What’s your first drink at the pub when we’re allowed out?
ROSS: I’ve drunk enough White Russians this lockdown to kill someone with even a minor lactose intolerance, so they’ll be off the menu for a while. I’d love a draft Guinness but I imagine my first one back will be in the Priory, so I’ll have to settle for a bottle of Peroni.
EUAN: Has to be a big juicy pint of Tennents.
What are you most looking forward to at your first live gig back?
EUAN: I’d say I’m most looking forward to seeing all the familiar faces of the scene, everyone finally getting together again for a good old fashioned party.
ROSS: Agreed. I think we’ve all missed going to see live music, but I really underestimated how important the social aspect of it is.
For those who aren’t familiar with you, how would you describe your music?
EUAN: We’ve got the aggression of punk, the earworms commonly associated with Motown, and sharp lyrics bundled up in an indie rock package.
If you could cover one song, what would it be and why?
ROSS: We covered “Build Me Up Buttercup” by the Foundations in past, so it would be fun to bring that back.
What’s your favourite Scottish artists / bands at the moment?
EUAN: Gotta lot of love for Catholic Action, Voodoos, Gallus, The Roly Mo, Rascalton, Fabric Bear, Baby Strange, Neon Waltz. The Ninth Wave too.

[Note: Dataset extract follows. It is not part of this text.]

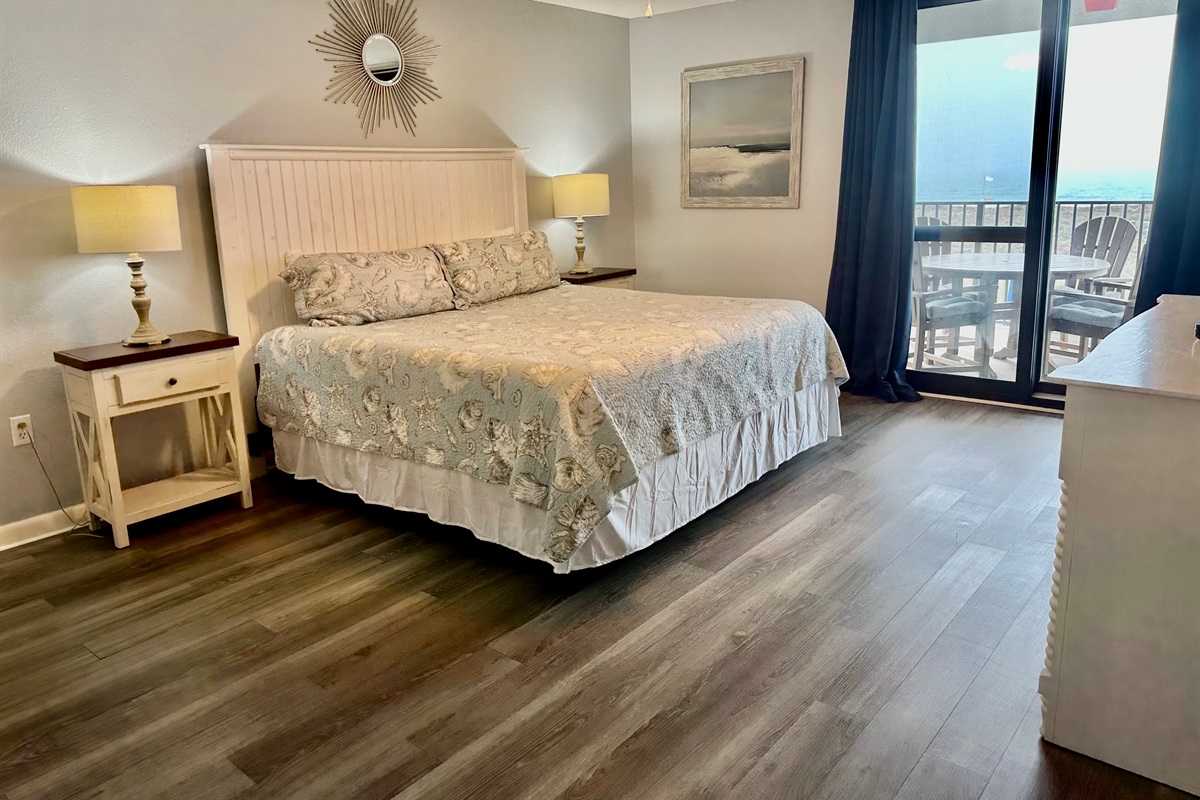 The master has a king-sized bed for ultimate relaxation!  And, there is an entrance to the gulf-front balcony from this room!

ROSS: I’ve mostly been listening to Spyres, Swim School and The Roly Mo.
What’s your favourite Scottish venue you have played at?
ROSS: I dunno if it counts as a venue but I’d probably say Fred Paton Day Centre. If you know, you know.
EUAN: There’s so many to choose from, but I’d have to say the Liquid Room in Edinburgh is in the top 5. It’s a great space, and when we played a support slot there last year, it was probably in front of our biggest crowd to date.
Describe the Scottish music scene in 3 words?
ROSS: Open To Everyone. There’s no elitism. The scene isn’t just made up by the bands, its everyone that goes to the gigs and hangs about at the Priory. We all play an equal part!
What do you think 2021 will be like on the gigging scene?
ROSS: I’d like to imagine everything will be back to normal, but it’s hard to tell at the minute. A lot of artists on large scale tours have postponed until next year, so it might be hard trying to book a date for a gig without having to compete with one of the big wigs.
You recently released Sicks Of The Sights, what is it about and hows the reaction been to it?
EUAN: It’s about outgrowing the streets you grew up on and leaving behind a relationship that no longer feels fresh and familiar. We’ve had a great response to the track; it was a live favourite when we first started playing and it’s good that it’s finally made its way back into the set.
Should we expect any new music in the near future?
ROSS: We’ve got a single coming out on Friday the 8th of May and we’re sitting on an EP’s worth of tunes so there’ll be no shortage of new music.